CS220 Project 3 FAQ (last update just after midnight, April 23)

This page contains questions and answers about Project 3. I will update this page as more questions arrive.

  • What should happen if we use the two-argument add method to add an element at a negative index, or at an index higher than the length of the list? Or for get/set with an illegal index?

    Your method should throw an exception.

  • Should the various methods (set, get, getIndex, etc.) be defined in the LongList class, or in its inner class?

    There must be public methods matching those signatures in the LongList class. You might choose to include helping methods in the inner class, but that implementation is up to you.

  • The assignment specification originally referred to the class you should write as both NumberList and LongList. It should be LongList, and the spec has been corrected.
  • Should we implementing merge sort for the merge method? No. You are not implementing the whole of merge sort; your merge method is not intended to sort arbitrary, unsorted linked lists. The scenario here is much more specific: given two arrays that are already sorted, combine them into a sorted list.

    So while this behavior is like one pass through the merging of two sorted sublists, there will not be the series of recursive calls to break the list down over and over.

  • How similar should our implementation for the merge method be to merge sort on arrays? There are similar ideas, but the implementation idea should be different, to take advantage of the different underlying structure of linked lists as opposed to arrays.

    The right way to imagine your merge method, is as if it were some person (let’s call them M) standing at the head of two lines of people, each line running shortest to tallest. M wants to combine the two lines into one single line, again to be sorted shortest to tallest. Does M need to look through the whole line to find the next person to add to the back of the combined line? No — M only needs to look at the first person in each line, take the shorter, and move that person to the back of the combined line.

    Implementing this behavior for M lets you take advantage of the linked nodes. Your method should keep track of the smallest as-yet-unmerged node of each of the given lists, and also of the last-so-far node of the chain of nodes for the combined list which it is building.

  • I want to assemble my LongList wrapper in a way which is different then what the specified constructor allows. That’s fine. The specification says that your class must include that list of public methods and constructor, not that it is limited to that list. If there is another constructor form which you would like to use, then by all means, do add it. Just do not omit the required constructor, or any of the required methods.
  • My tests show that I have a bug, but how do I figure out exactly where it is?

    Debugging is tricky! And there are several points to consider.

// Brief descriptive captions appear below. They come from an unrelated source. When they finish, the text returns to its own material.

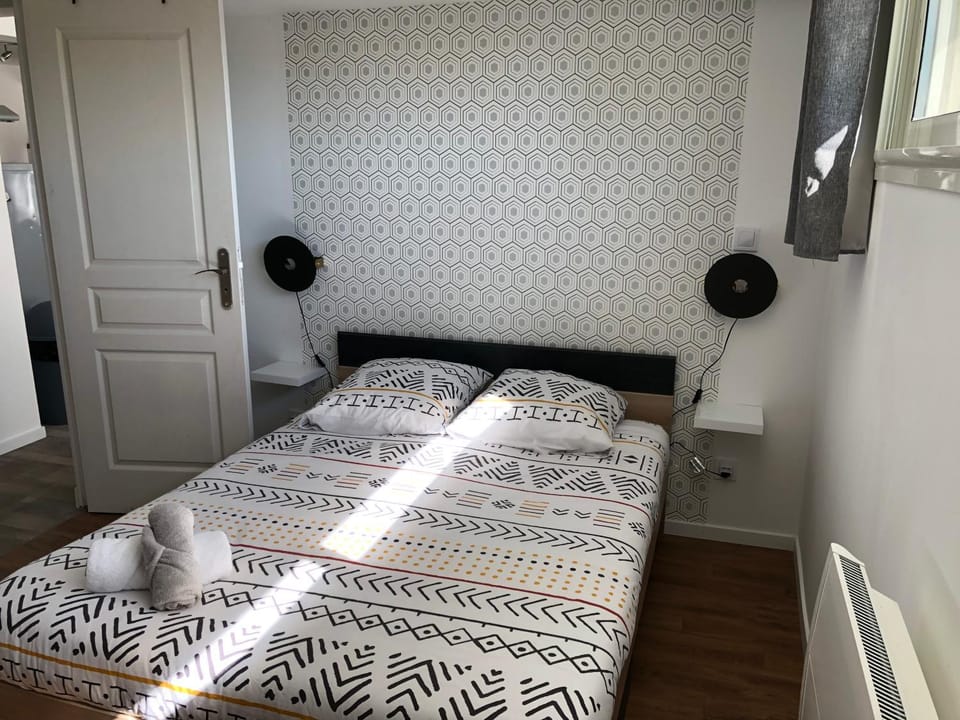 - Loft fléchette - clim - garage Apartment in Nouvelle-Aquitaine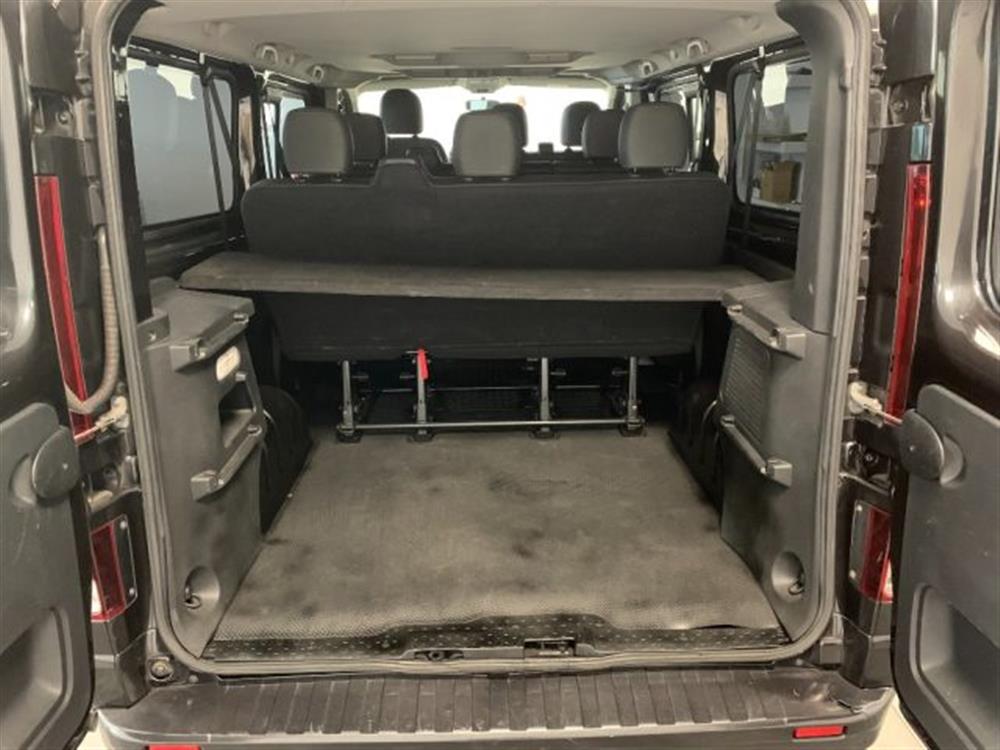 Vivaro Vivaro 9 Posti Passo Lungo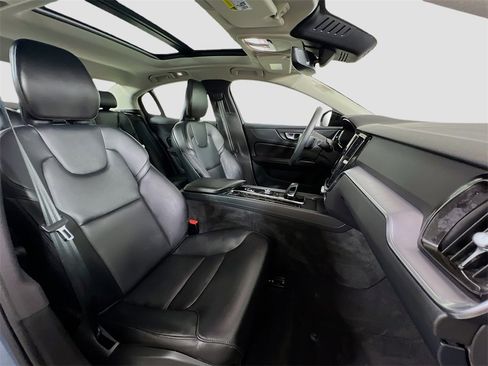Used 2023 Volvo S60 B5 Core image 28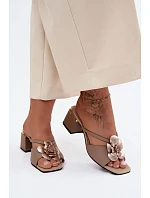 Klapky na podpatku model 228378 Step in style Klapky na podpatku model 228378 Step in style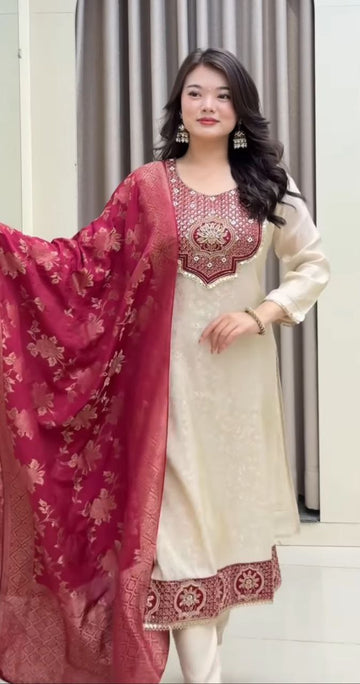 Premium Banarasi Jacquard Suit Set – Hand Zari Weaving & Embroidery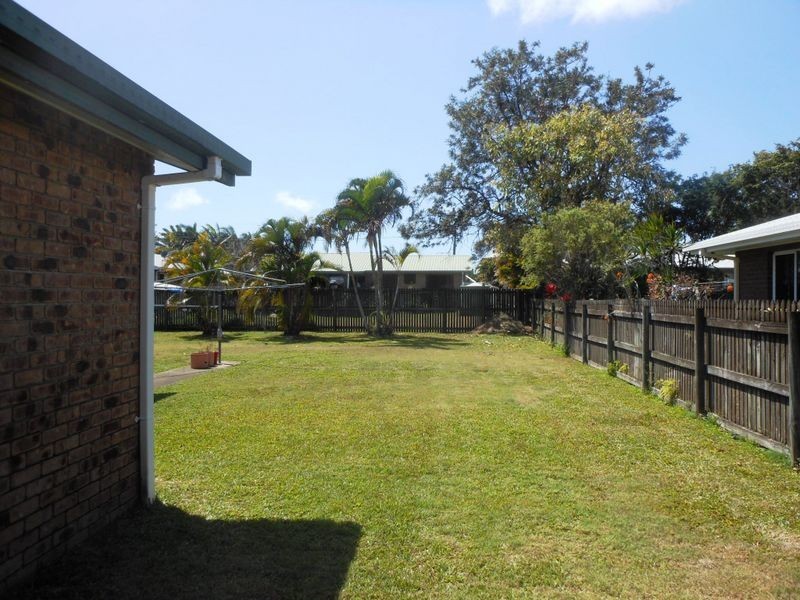 74 Bradman Drive, Glenella QLD 4740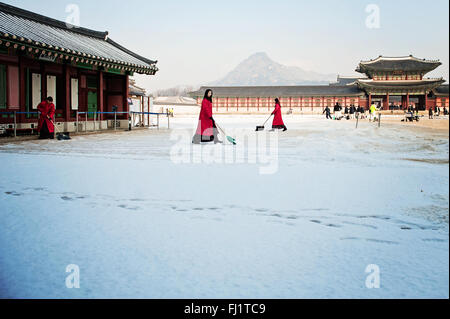 Rimozione della neve presso il Palazzo Gyeongbokgung, Seoul, Corea del Sud Foto Stock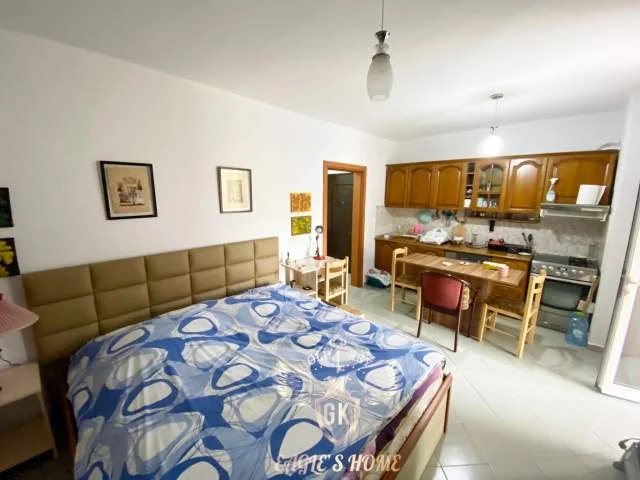 Durres, shes apartament 1+1 Kati 3, 37 m² 39.999 Euro (Shkembi Kavajes, Hotel Majestic)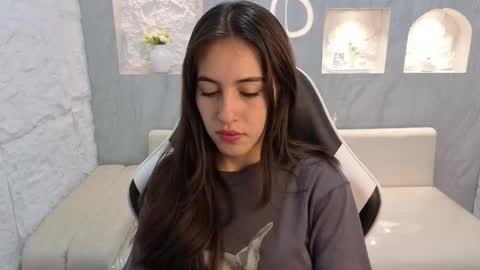 Online 2200 to 600 online show from 11-19-25, 03:06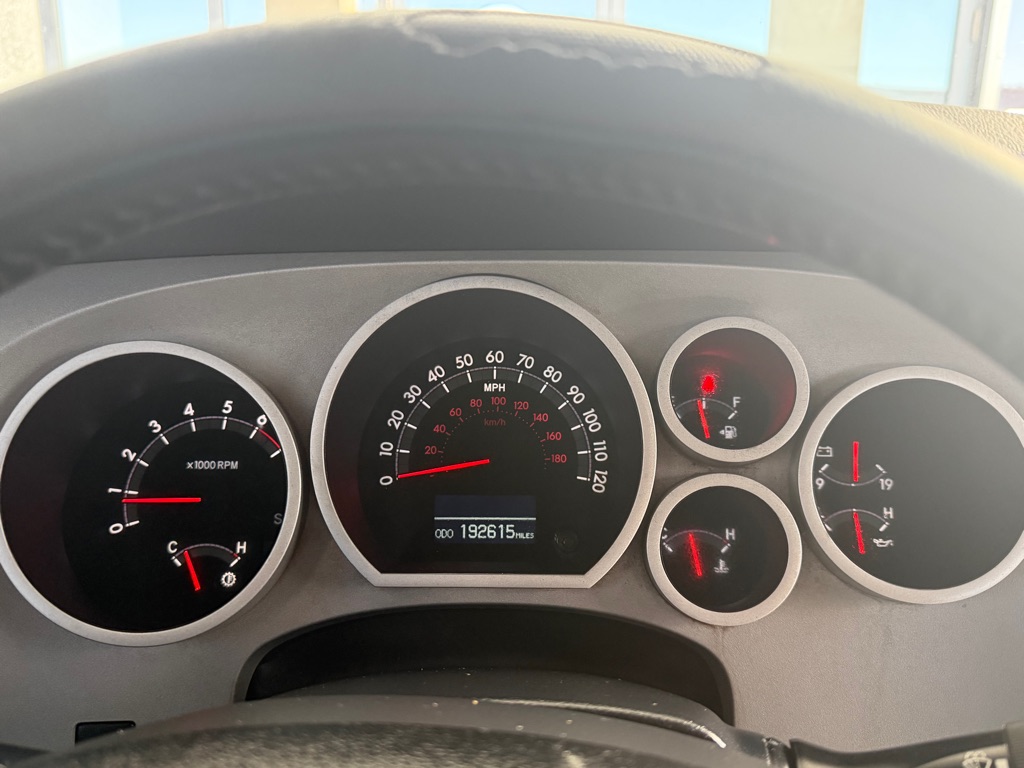 Photo 11 of this TOYOTA TUNDRA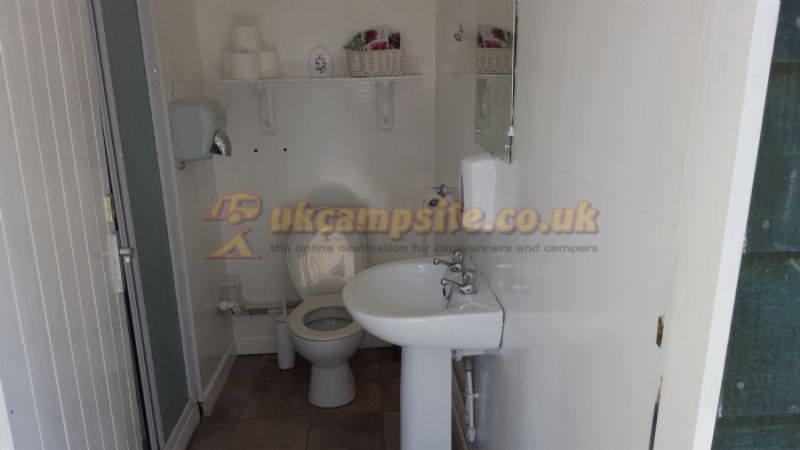 Newland Meadows Camping And Caravan Park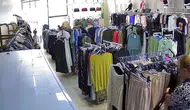 Elazığ’da bir kadın müşteri kıyafetleri çantasına doldurup dükkandan çıktı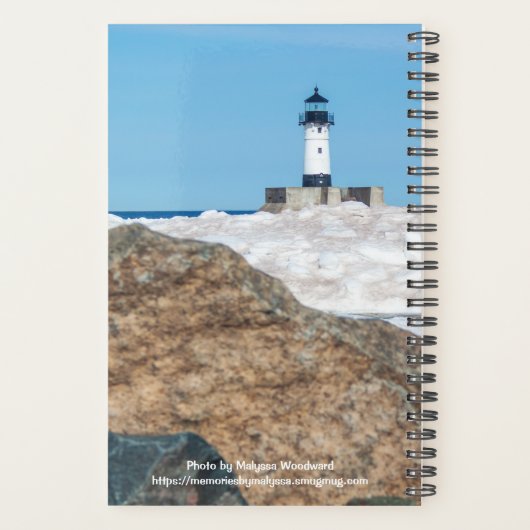 Leuchtturm Im Winter 2023 Planer - Duluth, MN (Rückseite)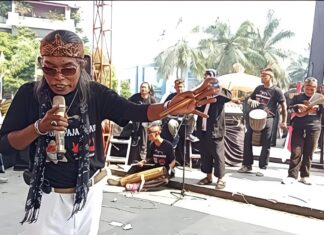 Lagu Ciliwung Menggema di Tugu Kujang, KPJ Bogor Soroti Isu Lingkungan Lagu Ciliwung Menggema di Tugu Kujang, KPJ Bogor Soroti Isu Lingkungan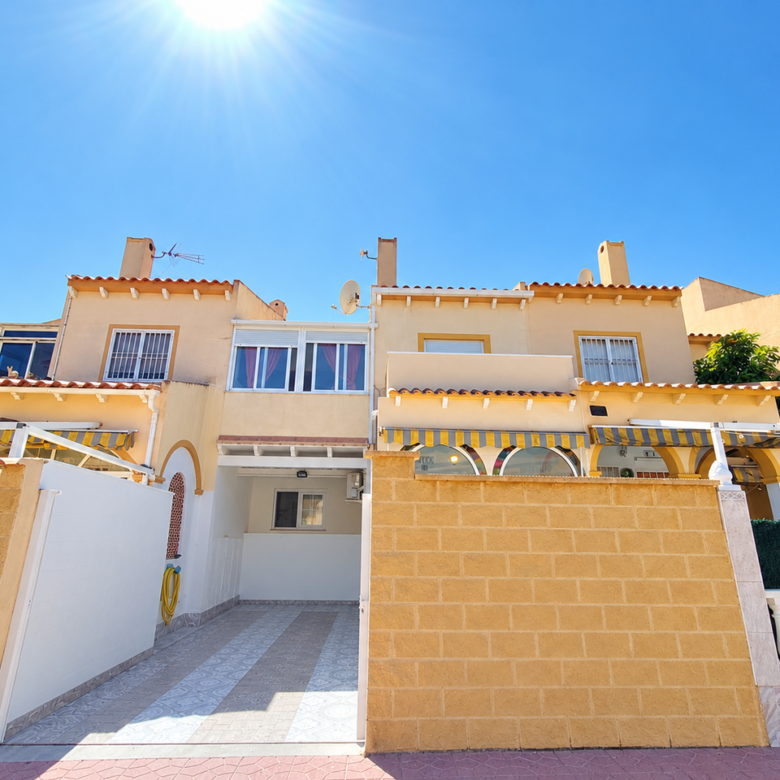 2 Bedroom 2 Bathroom Town House in Playa Flamenca - Caza De Casa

    • The first step is to figure out a minimal failing case. In some of our test examples, we used several calls to methods like add before printing the expected+actual results. That’s fine when we are first building up our understanding of the problem. But once we see that we have a bug, we need more from our tests: we need to print expected+actual results more frequently, so that we detect the error as soon as it happens, and not several method calls later.
    • Another kind of refinement to our tests is to reduce the scope of the methods they use. Think about the two versions of add — in the sample implementation in the lectures, our implementation of the one-argument version made use of the two-argument version. In a situation like that, we want to debug the two-argument version first. If we start by debugging the one-argument version, then it can be hard to know whether our problems are in with the body of the two-argument version, or with the way the one-argument version calls the two-argument version.

      Instead, we should focus first on examples with only calls to the two-argument version, then we do not have this ambiguity. Then, when we are confident that the two-argument version is fixed, we can move on to examples using the one-argument version.

      When we first write tests, it can be hard to predict which methods will use other methods. That’s OK. It is normal to expand and evolve your tests to reflect how your implementation turned out, and to focus on your actual debugging needs.

    • Once you have focused in on the problematic method call, and you want to find exactly what line of the code is going wrong, your strategy is to add temporary print statements inside your methods. Use them to make sure that you are inserting links and making other changes where you expect. A good start would be to add print statements at the beginning and end of each of the methods involved in the erroneous call, displaying the argument and result values. Then based on that, you can add more print statements to track down the problem.

      And remember to remove, or to comment out, these print statements after you fix the bug! You can always add them back in, but keep your output tidy, and remove the clutter of all that output until you need it again.